**EXERCISE DESCRIPTION**
Your response should consist of the data that follows, repeated in full without alteration.
***
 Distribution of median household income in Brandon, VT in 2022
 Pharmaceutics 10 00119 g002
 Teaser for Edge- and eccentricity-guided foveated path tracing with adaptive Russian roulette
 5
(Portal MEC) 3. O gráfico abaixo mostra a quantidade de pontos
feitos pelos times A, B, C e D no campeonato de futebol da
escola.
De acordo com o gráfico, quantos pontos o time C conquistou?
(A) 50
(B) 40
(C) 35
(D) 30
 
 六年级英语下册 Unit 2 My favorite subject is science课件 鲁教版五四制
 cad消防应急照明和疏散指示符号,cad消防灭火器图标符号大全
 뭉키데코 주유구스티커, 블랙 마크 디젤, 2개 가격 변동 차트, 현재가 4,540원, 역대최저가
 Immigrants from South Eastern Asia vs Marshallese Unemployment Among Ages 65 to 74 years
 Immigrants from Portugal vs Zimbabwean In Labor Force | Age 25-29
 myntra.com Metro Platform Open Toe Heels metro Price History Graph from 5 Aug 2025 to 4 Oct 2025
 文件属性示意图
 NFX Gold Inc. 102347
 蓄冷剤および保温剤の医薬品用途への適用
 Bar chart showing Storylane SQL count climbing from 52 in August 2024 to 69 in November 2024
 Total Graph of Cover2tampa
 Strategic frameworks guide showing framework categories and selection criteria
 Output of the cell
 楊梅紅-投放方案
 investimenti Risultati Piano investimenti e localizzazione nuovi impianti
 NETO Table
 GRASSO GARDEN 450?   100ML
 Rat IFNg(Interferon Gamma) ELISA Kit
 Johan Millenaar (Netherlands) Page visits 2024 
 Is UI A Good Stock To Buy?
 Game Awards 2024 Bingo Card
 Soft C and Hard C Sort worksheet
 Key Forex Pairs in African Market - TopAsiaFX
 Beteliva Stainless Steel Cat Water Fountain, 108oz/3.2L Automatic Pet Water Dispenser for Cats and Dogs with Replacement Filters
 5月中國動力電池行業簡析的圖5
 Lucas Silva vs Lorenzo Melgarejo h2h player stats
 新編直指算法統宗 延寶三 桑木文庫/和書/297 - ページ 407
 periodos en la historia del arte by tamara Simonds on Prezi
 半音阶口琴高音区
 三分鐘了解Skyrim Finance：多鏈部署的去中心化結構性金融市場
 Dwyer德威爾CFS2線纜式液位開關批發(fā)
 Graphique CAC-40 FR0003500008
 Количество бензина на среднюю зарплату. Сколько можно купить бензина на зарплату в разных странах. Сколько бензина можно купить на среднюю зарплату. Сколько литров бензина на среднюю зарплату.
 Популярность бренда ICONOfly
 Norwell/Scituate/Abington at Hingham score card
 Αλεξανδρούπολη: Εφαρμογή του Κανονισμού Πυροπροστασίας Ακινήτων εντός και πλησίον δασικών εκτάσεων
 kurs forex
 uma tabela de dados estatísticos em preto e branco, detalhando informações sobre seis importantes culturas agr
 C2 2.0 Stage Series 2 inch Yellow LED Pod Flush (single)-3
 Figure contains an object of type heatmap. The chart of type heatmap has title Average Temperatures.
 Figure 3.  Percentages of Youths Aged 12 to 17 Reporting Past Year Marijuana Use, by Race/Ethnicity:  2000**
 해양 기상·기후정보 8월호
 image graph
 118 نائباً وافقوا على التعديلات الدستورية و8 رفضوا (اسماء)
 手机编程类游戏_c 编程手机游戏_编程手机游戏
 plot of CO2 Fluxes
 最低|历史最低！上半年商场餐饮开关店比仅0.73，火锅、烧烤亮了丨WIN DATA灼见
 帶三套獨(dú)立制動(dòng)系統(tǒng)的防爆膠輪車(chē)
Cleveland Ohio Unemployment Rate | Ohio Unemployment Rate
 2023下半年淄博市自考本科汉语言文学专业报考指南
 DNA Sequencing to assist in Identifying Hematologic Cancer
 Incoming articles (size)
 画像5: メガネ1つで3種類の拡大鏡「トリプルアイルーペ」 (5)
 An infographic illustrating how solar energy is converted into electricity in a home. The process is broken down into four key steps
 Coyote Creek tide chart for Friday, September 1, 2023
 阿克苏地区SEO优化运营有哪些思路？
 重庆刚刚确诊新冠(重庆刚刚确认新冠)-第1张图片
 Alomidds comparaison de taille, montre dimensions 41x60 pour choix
***
**SOLUTION FOR THIS PROBLEM**
 Distribution of median household income in Brandon, VT in 2022
 Pharmaceutics 10 00119 g002
 Teaser for Edge- and eccentricity-guided foveated path tracing with adaptive Russian roulette
 5
(Portal MEC) 3. O gráfico abaixo mostra a quantidade de pontos
feitos pelos times A, B, C e D no campeonato de futebol da
escola.
De acordo com o gráfico, quantos pontos o time C conquistou?
(A) 50
(B) 40
(C) 35
(D) 30
 
 六年级英语下册 Unit 2 My favorite subject is science课件 鲁教版五四制
 cad消防应急照明和疏散指示符号,cad消防灭火器图标符号大全
 뭉키데코 주유구스티커, 블랙 마크 디젤, 2개 가격 변동 차트, 현재가 4,540원, 역대최저가
 Immigrants from South Eastern Asia vs Marshallese Unemployment Among Ages 65 to 74 years
 Immigrants from Portugal vs Zimbabwean In Labor Force | Age 25-29
 myntra.com Metro Platform Open Toe Heels metro Price History Graph from 5 Aug 2025 to 4 Oct 2025
 文件属性示意图
 NFX Gold Inc. 102347
 蓄冷剤および保温剤の医薬品用途への適用
 Bar chart showing Storylane SQL count climbing from 52 in August 2024 to 69 in November 2024
 Total Graph of Cover2tampa
 Strategic frameworks guide showing framework categories and selection criteria
 Output of the cell
 楊梅紅-投放方案
 investimenti Risultati Piano investimenti e localizzazione nuovi impianti
 NETO Table
 GRASSO GARDEN 450?   100ML
 Rat IFNg(Interferon Gamma) ELISA Kit
 Johan Millenaar (Netherlands) Page visits 2024 
 Is UI A Good Stock To Buy?
 Game Awards 2024 Bingo Card
 Soft C and Hard C Sort worksheet
 Key Forex Pairs in African Market - TopAsiaFX
 Beteliva Stainless Steel Cat Water Fountain, 108oz/3.2L Automatic Pet Water Dispenser for Cats and Dogs with Replacement Filters
 5月中國動力電池行業簡析的圖5
 Lucas Silva vs Lorenzo Melgarejo h2h player stats
 新編直指算法統宗 延寶三 桑木文庫/和書/297 - ページ 407
 periodos en la historia del arte by tamara Simonds on Prezi
 半音阶口琴高音区
 三分鐘了解Skyrim Finance：多鏈部署的去中心化結構性金融市場
 Dwyer德威爾CFS2線纜式液位開關批發(fā)
 Graphique CAC-40 FR0003500008
 Количество бензина на среднюю зарплату. Сколько можно купить бензина на зарплату в разных странах. Сколько бензина можно купить на среднюю зарплату. Сколько литров бензина на среднюю зарплату.
 Популярность бренда ICONOfly
 Norwell/Scituate/Abington at Hingham score card
 Αλεξανδρούπολη: Εφαρμογή του Κανονισμού Πυροπροστασίας Ακινήτων εντός και πλησίον δασικών εκτάσεων
 kurs forex
 uma tabela de dados estatísticos em preto e branco, detalhando informações sobre seis importantes culturas agr
 C2 2.0 Stage Series 2 inch Yellow LED Pod Flush (single)-3
 Figure contains an object of type heatmap. The chart of type heatmap has title Average Temperatures.
 Figure 3.  Percentages of Youths Aged 12 to 17 Reporting Past Year Marijuana Use, by Race/Ethnicity:  2000**
 해양 기상·기후정보 8월호
 image graph
 118 نائباً وافقوا على التعديلات الدستورية و8 رفضوا (اسماء)
 手机编程类游戏_c 编程手机游戏_编程手机游戏
 plot of CO2 Fluxes
 最低|历史最低！上半年商场餐饮开关店比仅0.73，火锅、烧烤亮了丨WIN DATA灼见
 帶三套獨(dú)立制動(dòng)系統(tǒng)的防爆膠輪車(chē)
Cleveland Ohio Unemployment Rate | Ohio Unemployment Rate
 2023下半年淄博市自考本科汉语言文学专业报考指南
 DNA Sequencing to assist in Identifying Hematologic Cancer
 Incoming articles (size)
 画像5: メガネ1つで3種類の拡大鏡「トリプルアイルーペ」 (5)
 An infographic illustrating how solar energy is converted into electricity in a home. The process is broken down into four key steps
 Coyote Creek tide chart for Friday, September 1, 2023
 阿克苏地区SEO优化运营有哪些思路？
 重庆刚刚确诊新冠(重庆刚刚确认新冠)-第1张图片
 Alomidds comparaison de taille, montre dimensions 41x60 pour choix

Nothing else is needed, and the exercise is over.